- [Assignment] Beginning with the line containing "2024 HYUNDAI PALISADE SEL PREMIUM" and ending at the last line of the data, set down every line exactly, leaving out all pictures.

Scraped caption text data
== Segment start ==

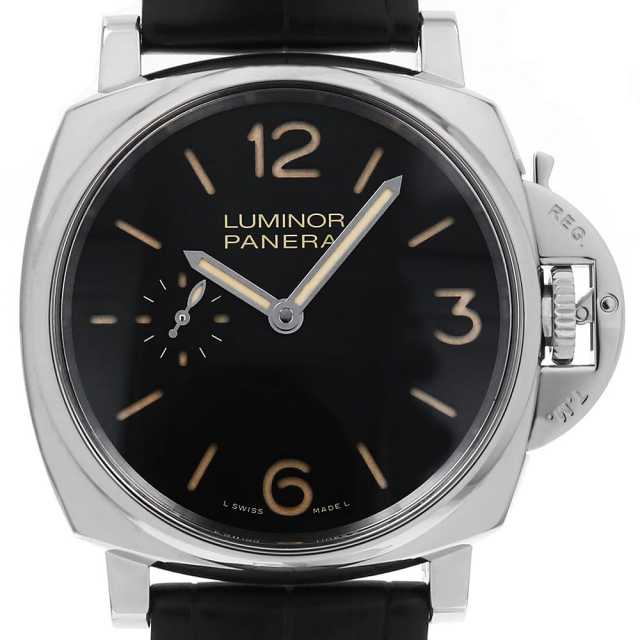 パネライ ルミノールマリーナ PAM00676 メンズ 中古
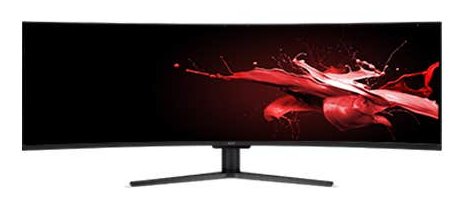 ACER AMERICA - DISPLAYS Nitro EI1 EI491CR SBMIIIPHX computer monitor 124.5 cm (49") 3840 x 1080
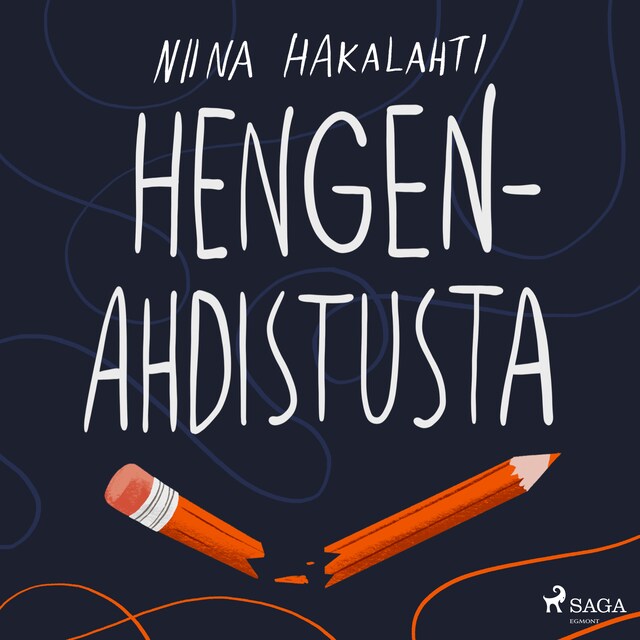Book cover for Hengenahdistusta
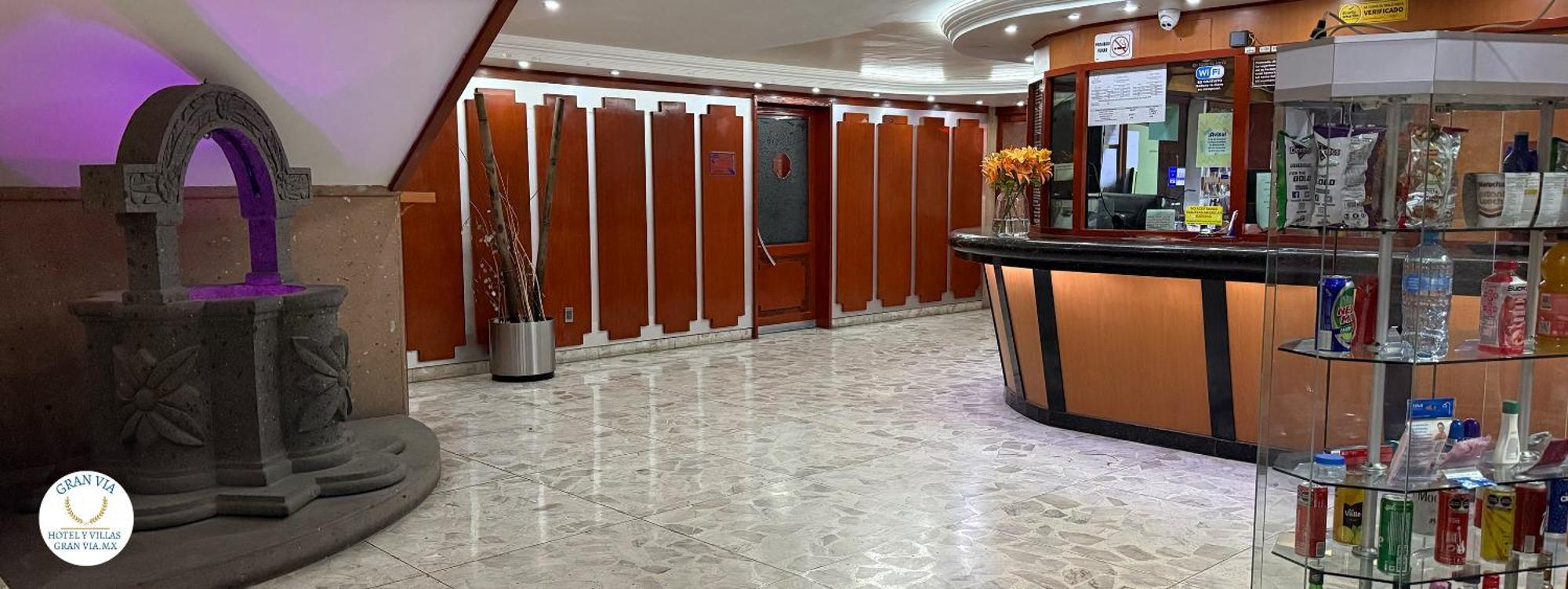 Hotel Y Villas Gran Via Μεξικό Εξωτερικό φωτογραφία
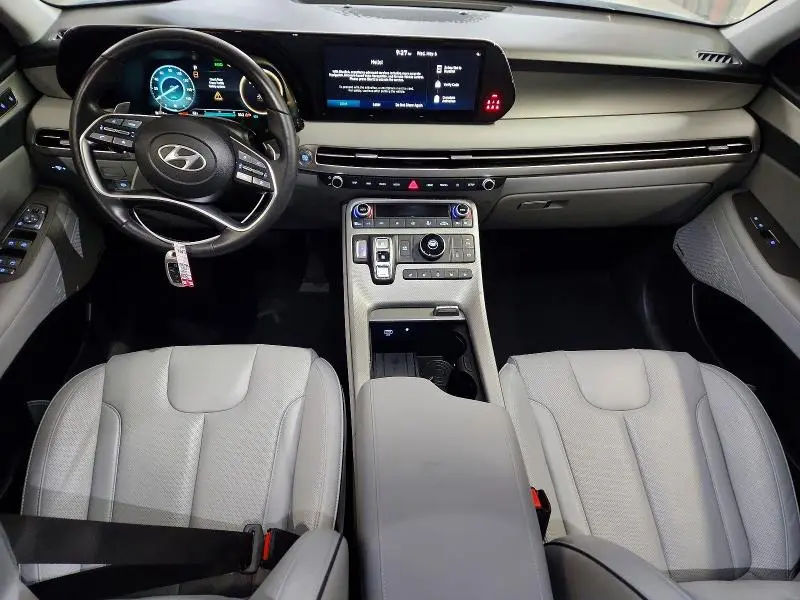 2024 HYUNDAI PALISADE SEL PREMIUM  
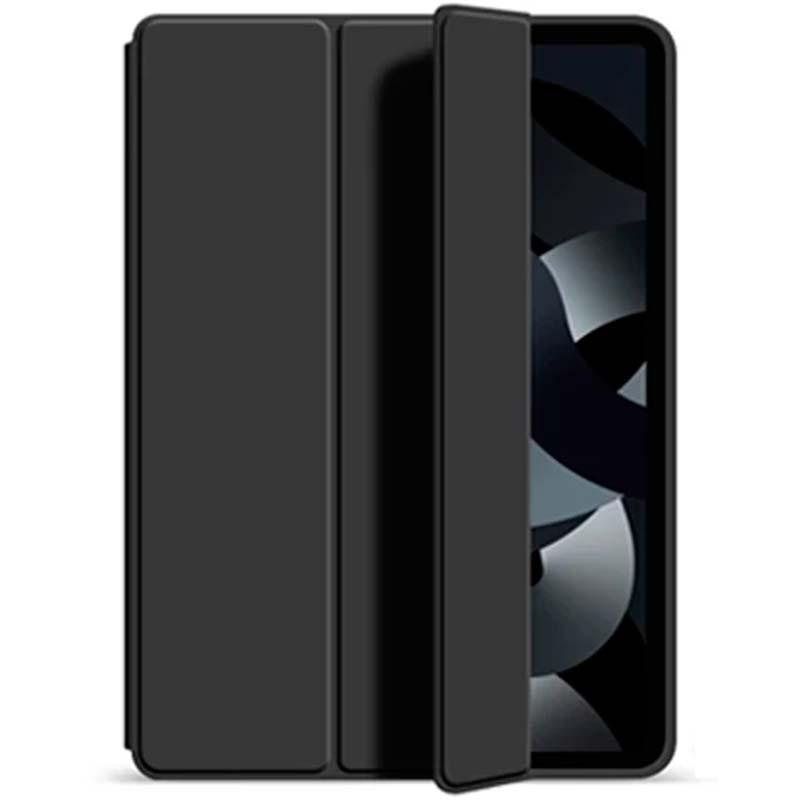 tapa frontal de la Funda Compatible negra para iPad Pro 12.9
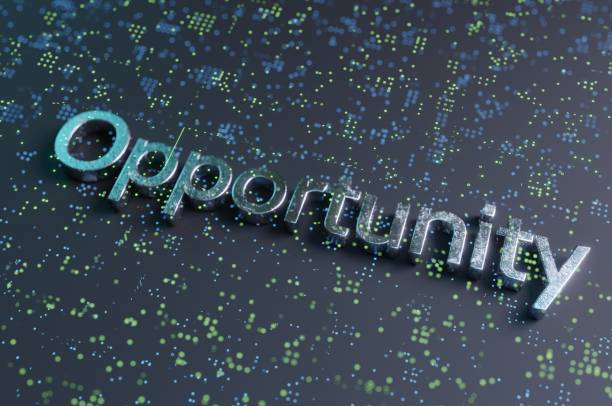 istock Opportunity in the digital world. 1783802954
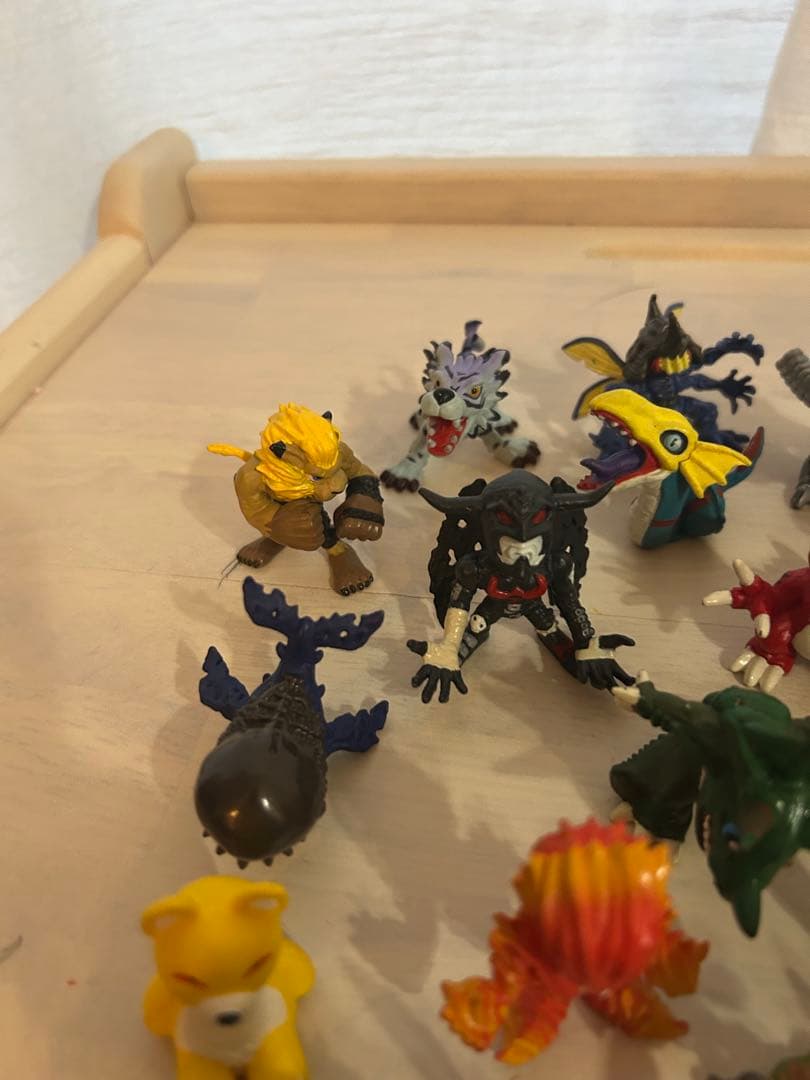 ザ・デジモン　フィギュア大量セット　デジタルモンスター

== Segment end ==

- [Result]
 2024 HYUNDAI PALISADE SEL PREMIUM  
 tapa frontal de la Funda Compatible negra para iPad Pro 12.9
 istock Opportunity in the digital world. 1783802954
 ザ・デジモン　フィギュア大量セット　デジタルモンスター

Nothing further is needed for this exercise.